Rebekha Sharkie has a question for Tony Burke, who is representing the minister for environment, Murray Watt:

The great southern reef stretches from Western Australia across the southern state to New South Wales, it is more unique biodiversity than the Great Barrier Reef but receives just a fraction of the Federal funding. With the algal bloom cat in South Australia, will the government commit to properly funding monitoring of the great southern reef?

Burke:

I thank the member for Mayo for the question. And also for her whole time here in the Parliament has been an absolute champion of that coastline, including beautiful Kangaroo Island in her electorate. I think the member’s right to say that the great southern reef, people will know the Great Barrier Reef on the east coast, people will know Ningaloo Reef opt west coast but the great southern reef, you’re going from New South Wales, between Tasmania, around Tasmania, around Victoria, South Australia and WA, talking about 8,000km, the size of this reef and there’s been understandably a focus on it right now because of the algal bloom.

If you think of that distance, being a reef of some 8,000km, the algal bloom is 4,400km. So the size of what’s going on is extraordinary. As the member’s aware, and I’ll go to monitoring in a minute, but as the member’s aware, the environment minister has committed $14 million together with South Australia to make sure that we are helping South Australia in particular which has been so horrifically hit by this algal bloom.

You think of people walking along the beaches in South Australia. Like, the great joy, what would normally be the happiest part of their day has become the most depressing, seeing the death of marine life along those beaches. There is significant research and conservation projects which do touch on the great southern reef.

The projects that I’ll go through, they’re not limited to it but a whole lot of their work is within the great southern reef. For example, there’s $24.5 million which goes most of the sites for this on handfish, giant and shellfish, reef restoration projects, knots purely the great southern reef but most of the sites in the program are the great southern reef.

Similarly, there is $5.5 million through the national environmental science program and the Fisheries Research and Development Corporation for management effectiveness, knowledge gathering, across those marine parks, in particular in temperate reefs, and the bureau — Bureau of Meteorology together with the CSIRO is also looking at having a marine heatwave forecast tool. People would be aware that the challenge here has been three things that have come all at once. We had, from the Murray River, a nutrient run-off of extraordinary proportions, combined with the cold water [not coming] and also a marine heatwave. All of that has caused what we’ve been seeing, by the best of scientific research so far. But the commitment that I certainly can give as well is that that Albanese government will continue to support the South Australian government to address what is horrific.

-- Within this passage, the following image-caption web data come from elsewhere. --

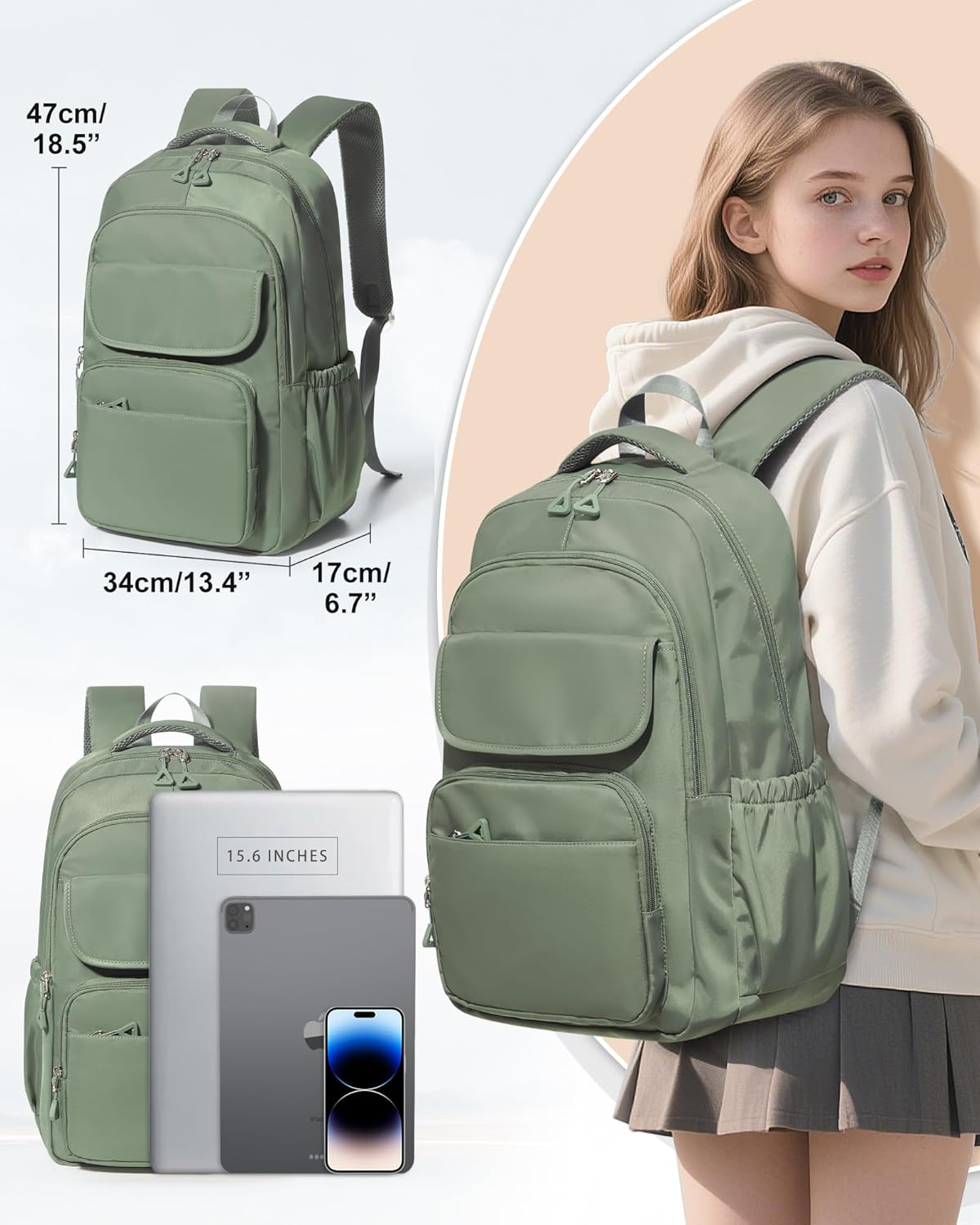 School Backpack for Girls, Water Resistant Backpacks for Girls 15.6 Laptop Multifunction Casual Daypack, Basic College Backpack School Bookbag Mochilas Escolares para Niñas, Green - Image 2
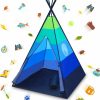 USA Toyz | Usa Toyz Happy Hut Teepee Tent For Kids - Indoor Pop Up Playhouse Tent For Boys, Girls, Toddler With Portable Storage Bag (Blue)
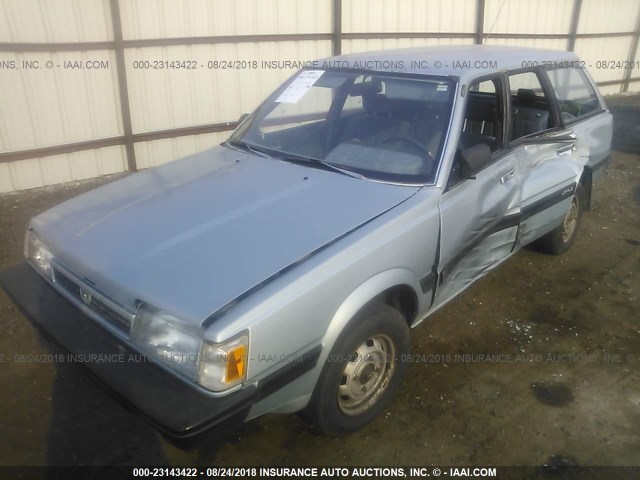 JF2AN52B1ND409935 - 1992 SUBARU LOYALE BLUE photo 2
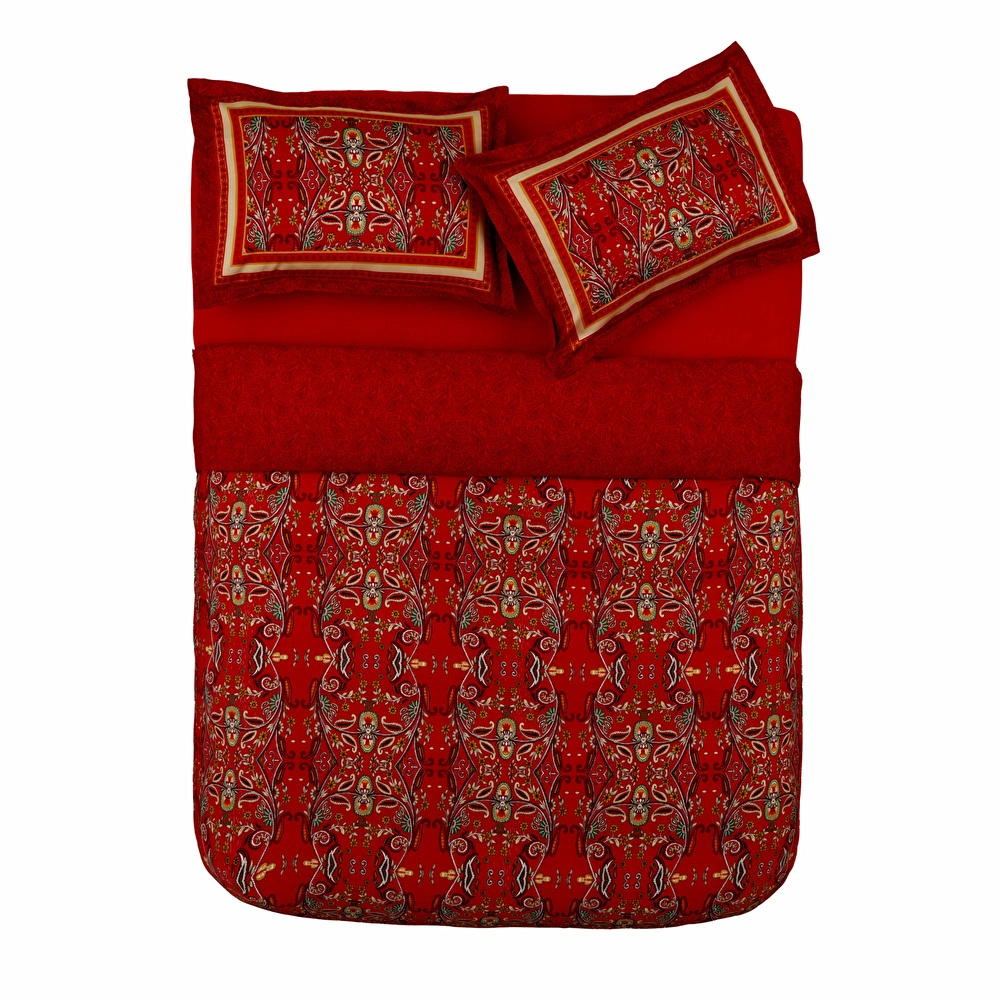 Karaca Home Dora %100 Pamuk Çift Kişilik Kumaş Saten Nevresim Takımı Kırmızı  görseli 1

Unfortunately, Tim Wilson is still being Tim Wilson:

My question is to the Prime Minister. Or this guy. The Albanese Labor government decided not to deregister…

Tony Burke is on his feet immediately, because who doesn’t like a bit of sport from time to time.

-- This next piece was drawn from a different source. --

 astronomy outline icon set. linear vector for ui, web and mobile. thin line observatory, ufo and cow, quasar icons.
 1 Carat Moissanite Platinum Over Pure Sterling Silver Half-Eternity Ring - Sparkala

There are times when abuses of the standing orders are by people who know it’s an abuse and it’s completely deliberate and I put to you this was one of those times.

Dugald tells Wilson to stick to the proper names.

Wilson is back. With that grin. You know the one.

The Albanese Labor government decided to not deregister out-of-control CFMEU and appoint an administrator. The CFMEU boss has called on his union to break into the New South Wales residential building sector saying ‘The builders who are going to get the state government money are not our builders 6789 the challenge for us is we’ve got to get into that non-union sector.”

Will the CFMEU’s plan to unionise the New South Wales residential housing sector increase prices or decrease prices?

Albanese:

We on this side of the House are the only political party in here that actually took action against the CFMEU. Those opposite… Those opposite presided over 10 years of growth in the power of John Setka in the CFMEU construction branch. Three weeks after I became leader of the Labor Party, in 2019, I kicked John Setka out of the Labor Party. And during the last term… (

And during the last term, Mr Speaker, we took action to remove the power of people who had gone, someone like John Setka who had gone from controlling the Victorian branch to then controlling the South Australian branch de facto as well, had — well, had increased his power in the union. In the Labor movement, the construction branch of the…

The interjections grow and there is a point of order but Albanese decides he can’t be bothered and sits down (he concludes his answer)

Things are going great for the Nats, as caught by Mike Bowers:

Barnaby Joyce during question time in the House of Representatives chamber of Parliament House, Canberra this afternoon.

The current leader of the Nationals
Barnaby Joyce during question time in the House of Representatives chamber of Parliament House, Canberra this afternoon.

Trump aggressively selling fossil fuel

Frank Yuan
Postdoctoral Research Fellow

The US and the EU have reached a trade deal a few hours ago, averting a trade war between allies (for now). A 15 percent tariff was as low as Trump is willing to go – Japan got a similarly “nice” treatment. In return for this leniency, the EU committed to buy more American weapons and another $US 750 billion worth of energy (or $1.14 trillion in Australian dollars).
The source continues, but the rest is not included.